これを、毎度ペアを組んでいる弊社川村真司と、PerfumeやサカナクションのMVなどで有名なキング・オブ・ミュージックビデオである関和亮氏と3人で、企画・監督する形でつくった。

ユニコーンと言えば、私が中学生の頃から第一線で活躍しているアーティストなわけで、当然ながら憧れのミュージシャンだ。まさか自分がユニコーンのMVを手がけることになるなんて、想像もしていなかった。
前回の記事をお読みになった方はおわかりのように、そもそも私はウェブサイトをつくりたくて就職したくせに、いろいろ暖簾を広げていく中で、いつの間にかミュージックビデオなどというものまでつくるようになっている。
映像とか、全然興味なかったのに。

ともあれ、このミュージックビデオは、恐らくとても特殊なミュージックビデオだ。

そもそも、曲が、アニメ「宇宙兄弟」の主題歌として書かれている。歌詞から何から、「宇宙兄弟」を意識してつくられているから、ある意味、「宇宙兄弟」のテーマソングに近い。
ご存知ない方のためにお伝えすると、「宇宙兄弟」というのは、講談社さんのモーニング誌で連載されている、文字通り、宇宙飛行士の兄弟を主人公にした成長ストーリーであり、人気漫画である。映画化もされたし、単行本はどの書店でも平積み状態だ。この曲は、その「宇宙兄弟」中のエピソードからヒントを得た歌詞やフレーズでできているのだ。

そんなわけなので、このミュージックビデオには単刀直入な目的が最初からあった。MVを通して、漫画「宇宙兄弟」に興味を持ってもらうこと。である。
そもそもこのお話を持ってきてくれたのは、「宇宙兄弟」の担当編集者である佐渡島さんである。
もともと、我々は、「Moon Jump」とか「Scroll to the moon」といった、宇宙兄弟発のiPhoneアプリをこの方と一緒につくってきた。もともとは、弊社の中村洋基が、ずっと以前から、やはり佐渡島さんが担当されている井上雄彦先生と仕事をしていたあたりからつながりが始まっている。
この人はすごい。

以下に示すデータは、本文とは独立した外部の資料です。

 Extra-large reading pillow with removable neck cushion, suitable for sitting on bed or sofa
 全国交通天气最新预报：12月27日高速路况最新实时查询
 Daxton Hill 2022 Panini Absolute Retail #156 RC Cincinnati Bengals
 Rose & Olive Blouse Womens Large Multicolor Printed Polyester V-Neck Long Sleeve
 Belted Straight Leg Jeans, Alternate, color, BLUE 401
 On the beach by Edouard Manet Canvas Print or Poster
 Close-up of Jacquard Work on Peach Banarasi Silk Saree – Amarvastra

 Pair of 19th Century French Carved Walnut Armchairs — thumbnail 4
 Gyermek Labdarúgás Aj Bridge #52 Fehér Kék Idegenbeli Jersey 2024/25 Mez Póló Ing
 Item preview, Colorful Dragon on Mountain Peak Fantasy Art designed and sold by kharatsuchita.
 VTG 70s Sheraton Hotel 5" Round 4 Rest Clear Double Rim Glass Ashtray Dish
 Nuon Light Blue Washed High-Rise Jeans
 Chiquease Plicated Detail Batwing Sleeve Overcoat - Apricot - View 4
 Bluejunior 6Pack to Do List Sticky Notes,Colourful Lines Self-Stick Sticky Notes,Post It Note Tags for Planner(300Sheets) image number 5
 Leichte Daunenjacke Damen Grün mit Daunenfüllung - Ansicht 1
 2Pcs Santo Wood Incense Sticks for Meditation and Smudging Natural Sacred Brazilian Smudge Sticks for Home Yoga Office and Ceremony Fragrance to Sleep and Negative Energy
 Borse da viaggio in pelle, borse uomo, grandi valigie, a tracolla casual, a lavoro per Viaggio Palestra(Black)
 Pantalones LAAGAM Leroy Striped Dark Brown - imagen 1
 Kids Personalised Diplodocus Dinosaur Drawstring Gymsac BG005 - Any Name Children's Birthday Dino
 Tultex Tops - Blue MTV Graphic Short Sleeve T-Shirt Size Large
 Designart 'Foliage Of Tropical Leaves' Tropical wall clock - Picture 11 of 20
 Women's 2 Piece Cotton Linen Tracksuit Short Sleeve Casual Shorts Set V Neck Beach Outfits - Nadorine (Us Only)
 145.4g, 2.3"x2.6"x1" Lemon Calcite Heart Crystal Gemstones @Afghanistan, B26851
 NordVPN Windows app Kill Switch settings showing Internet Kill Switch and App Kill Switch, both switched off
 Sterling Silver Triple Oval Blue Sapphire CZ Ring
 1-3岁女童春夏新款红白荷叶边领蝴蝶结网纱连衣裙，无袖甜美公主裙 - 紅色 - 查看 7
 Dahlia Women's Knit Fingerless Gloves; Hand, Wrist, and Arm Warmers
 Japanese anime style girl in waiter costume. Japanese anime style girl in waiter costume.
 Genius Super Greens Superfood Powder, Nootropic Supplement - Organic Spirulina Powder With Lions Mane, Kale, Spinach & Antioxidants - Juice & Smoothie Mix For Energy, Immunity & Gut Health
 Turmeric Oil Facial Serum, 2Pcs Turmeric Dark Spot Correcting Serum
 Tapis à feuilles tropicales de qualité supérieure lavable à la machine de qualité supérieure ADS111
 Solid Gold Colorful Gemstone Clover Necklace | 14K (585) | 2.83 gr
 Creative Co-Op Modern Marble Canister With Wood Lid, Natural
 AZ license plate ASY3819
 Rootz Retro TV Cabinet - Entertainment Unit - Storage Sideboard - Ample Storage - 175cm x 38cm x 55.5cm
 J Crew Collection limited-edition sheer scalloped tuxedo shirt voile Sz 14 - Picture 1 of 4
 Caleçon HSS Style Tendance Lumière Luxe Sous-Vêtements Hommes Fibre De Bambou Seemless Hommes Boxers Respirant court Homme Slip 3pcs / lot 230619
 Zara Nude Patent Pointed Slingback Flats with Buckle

何がすごいって、有言実行が徹底していて、何でもかんでもものすごいスピードで実現してしまうのだ。詳細は後述していくことになるが、この人の半端無い実行腕力の上に、この企画が成立しているのは間違いない。

というわけで、佐渡島さんとキューンミュージックさんから頂いたテーマは、簡単にまとめると、
「ユニコーンのMVでありつつも、漫画『宇宙兄弟』のMV」
ということである。
これはなかなか大変だ。普通にMVをつくるのも毎回大変なのに、今回は、漫画の魅力まで伝えなくてはならない。

ミュージックビデオというのは、「音楽ありき」で存在するものだ。音楽なんて、音を楽しむものであって、実はあまり映像とか関係ない、なんて、音楽をやっていた私は思ったりする。が、映像や体験は音楽に対して、その魅力を増幅することができる。映像をつけることで、「音楽」が、「音楽+」くらいになるといいなー、なんて思っていつもつくっている。当然の話ではあるけれど、音楽が0から生まれて、1になる。1であるものを2とか3にするのがMVの役割だと思う。
MVは、0を1にすることはできないのだ。

上記のようなテーマでこの曲のMVをつくる、ということは「音楽」を「音楽+」にしつつも、「漫画」を「漫画+」にする、ということである。
この曲は、漫画から着想を得ているので、表現の仕方によってはギリギリまとまるかもなー、というところだった。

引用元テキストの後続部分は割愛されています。